Natürlich werden dem italienischen Leser viel mehr Aha-Bedürfnisse beschert als dem deutschen. Es gab Stimmen, die an der Übersetzbarkeit des Buches zweifelten. Das ist Unsinn, denn soviel kulturelle Transferleistung darf man schon erwarten: Die Exotik von Zigarettenmarken ist in Italien heute genauso verloren wie hierzulande. Burkhart Kroeber erledigt seine Übersetzeraufgabe mit der gewohnten Souveränität; daß viele italienische Ausdrücke unübersetzt bleiben müssen, wenn man sie nicht in einem falschen Tonfall wiedergeben möchte, tut der Sache keinen Abbruch. Die wenigen Stellen, wo Kroeber mit Dialektfärbung aus Nord und Süd arbeitet - "aufditschen" versus "naa, ned des aa no!" zeigen warum.

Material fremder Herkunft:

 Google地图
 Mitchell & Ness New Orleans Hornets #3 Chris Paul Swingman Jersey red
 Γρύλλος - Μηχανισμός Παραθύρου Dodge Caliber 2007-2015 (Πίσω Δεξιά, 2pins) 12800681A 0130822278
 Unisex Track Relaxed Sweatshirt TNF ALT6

Yambo stößt auf eine Lücke in seiner Biographie, einen Charakterbruch. Auch seine Schulaufsätze geben keine Auskunft. Sie zeigen einen Heranwachsenden in den Vorkriegs- und Kriegsjahren, der sich nur mühsam aus den Klauen der faschistischen Rhetorik befreien kann. Die Zeitschrift "Balilla", das Wochenblatt für die Jungen der Gioventù Italiana del Littorio, dem Pendant zur deutschen Hitlerjugend, schürt die Feindbilder und verdreht die Fakten zugunsten einer propagandistisch verzerrten Berichterstattung. In der Schule diktiert der Lehrer die Rede des Duce anläßlich der italienischen Kriegserklärung am 10. Juni 1940. Die religiöse Erziehung des verklemmten Knaben oszilliert zwischen düsterem Beichtstuhlkatholizismus und einem wirren Lebenslehrer namens Gragnola, der ihm erklärt, Gott sei ein Faschist und das Böse schlechthin.

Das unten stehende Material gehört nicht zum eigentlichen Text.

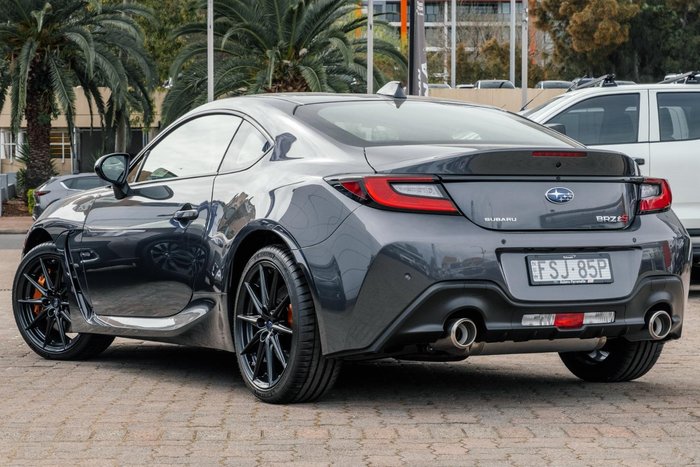 2025 Subaru BRZ tS ZD8 MY25 Magnetite Grey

Im Krieg widerfährt Yambo dann jenes Erlebnis, das Eco mittels einer Novelle dem Roman aufpfropft - die Geschichte der Befreiung von acht Kosaken-Überläufern aus den Fängen der SS, an der Yambo in tiefnebliger Nacht als Bergführer beteiligt ist. Im Verlauf dieser Aktion stößt Gragnola zwei Deutsche in eine Schlucht und begeht, als er von den Banden des Duce aufgegriffen wird, Selbstmord. Dieser Teil der Geschichte ist beklemmend, auf den Punkt geschrieben und zeigt Eco auf der Höhe seines Könnens. Was für weite Teile des Buches leider nicht gilt: Die Nacherzählung von Comics ist langweilig und macht noch keinen Roman. Die papierene Konstruktion verträgt sich nicht mit dem hohen Druck, unter dem Ecos Erzählkochtopf steht. Ständig kocht etwas über, und am liebsten liefert er die Interpretation gleich mit. Redundanz und Selbstzitat als Stilmittel in allen Ehren, aber allein die Nebelmetaphorik wird dermaßen zu Tode geritten, daß der Gaul am Ende um Erlösung bittet.

Die verweigert der Erzähler. Die unerhörte Jugendliebe, Lila Saba, das schönste Mädchen der Klasse, sucht Yambo seit jener Zeit in jeder Frau. Vergeblich. Lila ist Vanna ist Sibilla ist Roxane ist Lila ist Loana. Die wirkliche Lila ist lange tot. Ihren fiktiven Abziehbildern widmet der Träumer ein Schlußtableau, das in einem varietéartigen Pandämonium noch einmal die wichtigsten Personen des Buches auftreten läßt. Aber die geheimnisvolle Loana lüftet den Schleier und damit ihr Geheimnis nicht. Umberto Eco weiß, daß er seinen Lesern alles zumuten kann, nur keine simple Produktenttäuschung.

Umberto Eco: "Die geheimnisvolle Flamme der Königin Loana". Illustrierter Roman. Aus dem Italienischen übersetzt von Burkhart Kroeber. Carl Hanser Verlag, München 2004. 499 S., geb., 25,90 [Euro].